### Note
* Instructions have been included for each segment. You do not have to follow them exactly, but they are included to help you think through the steps.

In [1]:
# Dependencies and Setup
import pandas as pd

# File to Load (Remember to Change These)
file_to_load = "Resources/purchase_data.csv"

# Read Purchasing File and store into Pandas data frame
purchase_data = pd.read_csv(file_to_load)
purchase_data.head()

Unnamed: 0,Purchase ID,SN,Age,Gender,Item ID,Item Name,Price
0,0,Lisim78,20,Male,108,"Extraction, Quickblade Of Trembling Hands",3.53
1,1,Lisovynya38,40,Male,143,Frenzied Scimitar,1.56
2,2,Ithergue48,24,Male,92,Final Critic,4.88
3,3,Chamassasya86,24,Male,100,Blindscythe,3.27
4,4,Iskosia90,23,Male,131,Fury,1.44


## Player Count

* Display the total number of players


In [2]:
total_players = len(purchase_data['SN'].unique())
print_total_players = pd.DataFrame({"Total Players": [total_players]})
print_total_players

Unnamed: 0,Total Players
0,576


## Purchasing Analysis (Total)

* Run basic calculations to obtain number of unique items, average price, etc.

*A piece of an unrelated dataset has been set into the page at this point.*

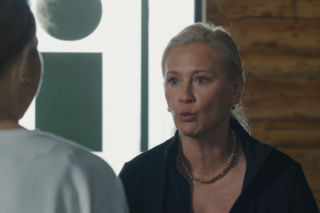 Barwy szczęścia, odcinek 3318. Dorota Kujawiak (Karina Seweryn), Justyna (Sylwia Juszczak-Krawczyk)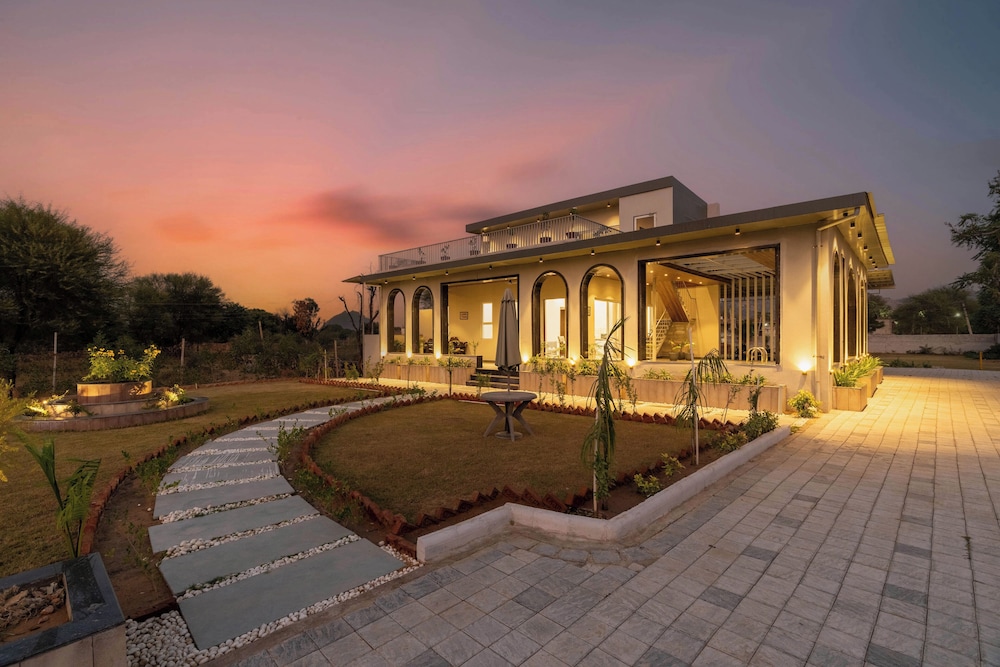 ELIVAAS Jamun Farm 2 BHK Villa with Pool 6/52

* Create a summary data frame to hold the results


* Optional: give the displayed data cleaner formatting


* Display the summary data frame


In [3]:
# Found the nunique() function here https://pandas.pydata.org/pandas-docs/stable/reference/api/pandas.Series.nunique.html
# Calculate each value
unique_items = purchase_data["Item Name"].nunique()
avg_price = round(purchase_data["Price"].mean(),2)
total_purchases = purchase_data['Purchase ID'].nunique()
total_revenue = purchase_data['Price'].sum()
#print the output table
print_purchasing_analysis = pd.DataFrame({
    'Number of Unique Items': [unique_items],
    'Average Purchase Price': [avg_price],
    'Total Number of Purchases': [total_purchases],
    'Total Revenue': [total_revenue]
})
# found how to format columns here: https://pandas.pydata.org/pandas-docs/stable/user_guide/style.html
print_purchasing_analysis['Average Purchase Price'] = print_purchasing_analysis['Average Purchase Price'].map('${:,.2f}'.format) 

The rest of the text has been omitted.